But here on this mountain, God-of-the-Angel-Armies
will throw a feast for all the people of the world,
A feast of the finest foods, a feast with vintage wines,
a feast of seven courses, a feast lavish with gourmet desserts.
And here on this mountain, God will banish
the pall of doom hanging over all peoples,
The shadow of doom darkening all nations.
Yes, he’ll banish death forever.
And God will wipe the tears from every face.
He’ll remove every sign of disgrace
From his people, wherever they are.
Yes! God says so!
I read this passage (Isaiah 25:6-8) this morning and it made me think of the Eucharist, also known as Communion or the Lord’s Table depending on which Christian faith tradition you come from. Every Sunday we gather together and focus ourselves around the Word and the Eucharist. When we do so we recall what God has done in salvation history through the reading and preaching of the Bible. As it draws us into its story we remember the works of God in a holistic manner and are then placed within this overarching narrative. We see the hand of God among the people of Israel and the climax of the story with Jesus. As this narrative engulfs our lives, we then embody it with our lives as it reveals the reality of life itself. Our individual and communal stories get re-translated in and through God’s own story.
We then focus ourselves on the Eucharist. It is here that we anticipate the future of God, as Isaiah tells us, when God will invite all to his banquet table. He will call people to this lavish banquet where we will feast on the finest foods and drinks. No expense will overlooked as we dine at this future event as one family. “Vintage wines” will be norm. Every cup will be full to the brim with the best wine you’ve ever tasted. Not wine from a few years back, but wine that is aged and full, reminding us of the life God provides for us: full and robust. And it is this that is anticipated in the Eucharist every Sunday when we “eat of this bread and drink of this cup.” As one family we approach Jesus’ table where he presents himself and meets us there in the bread and wine.
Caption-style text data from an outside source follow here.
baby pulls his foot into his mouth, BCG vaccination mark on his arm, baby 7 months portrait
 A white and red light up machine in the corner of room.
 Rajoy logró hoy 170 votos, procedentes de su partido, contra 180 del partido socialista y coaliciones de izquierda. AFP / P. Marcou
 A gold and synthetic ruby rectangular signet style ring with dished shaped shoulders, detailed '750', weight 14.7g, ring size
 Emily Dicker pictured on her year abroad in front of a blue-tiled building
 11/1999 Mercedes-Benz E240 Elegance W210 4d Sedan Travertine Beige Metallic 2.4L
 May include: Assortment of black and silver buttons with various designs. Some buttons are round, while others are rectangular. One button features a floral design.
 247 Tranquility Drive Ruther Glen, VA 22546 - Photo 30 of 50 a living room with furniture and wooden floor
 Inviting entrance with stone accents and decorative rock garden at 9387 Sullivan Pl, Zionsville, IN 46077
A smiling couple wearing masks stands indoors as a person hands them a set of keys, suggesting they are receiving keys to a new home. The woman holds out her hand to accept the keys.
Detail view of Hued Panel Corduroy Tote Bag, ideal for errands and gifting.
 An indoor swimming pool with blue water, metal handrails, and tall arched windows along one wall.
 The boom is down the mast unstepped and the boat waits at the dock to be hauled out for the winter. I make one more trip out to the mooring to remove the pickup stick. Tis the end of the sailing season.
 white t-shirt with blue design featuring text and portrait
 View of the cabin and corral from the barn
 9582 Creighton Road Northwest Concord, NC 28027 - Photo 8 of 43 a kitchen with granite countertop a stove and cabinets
We do so in remembrance of his death, but also in remembrance of his life. And by doing so, we remember in the present and also point beyond ourselves to the day when we as a whole family will do so together.
So in our gathering we remember the past, anticipate the future (as depicted in Isaiah), all while in the present.
God has been called plenty of things. Maybe we ought to think more fully of him as a wine connoisseur.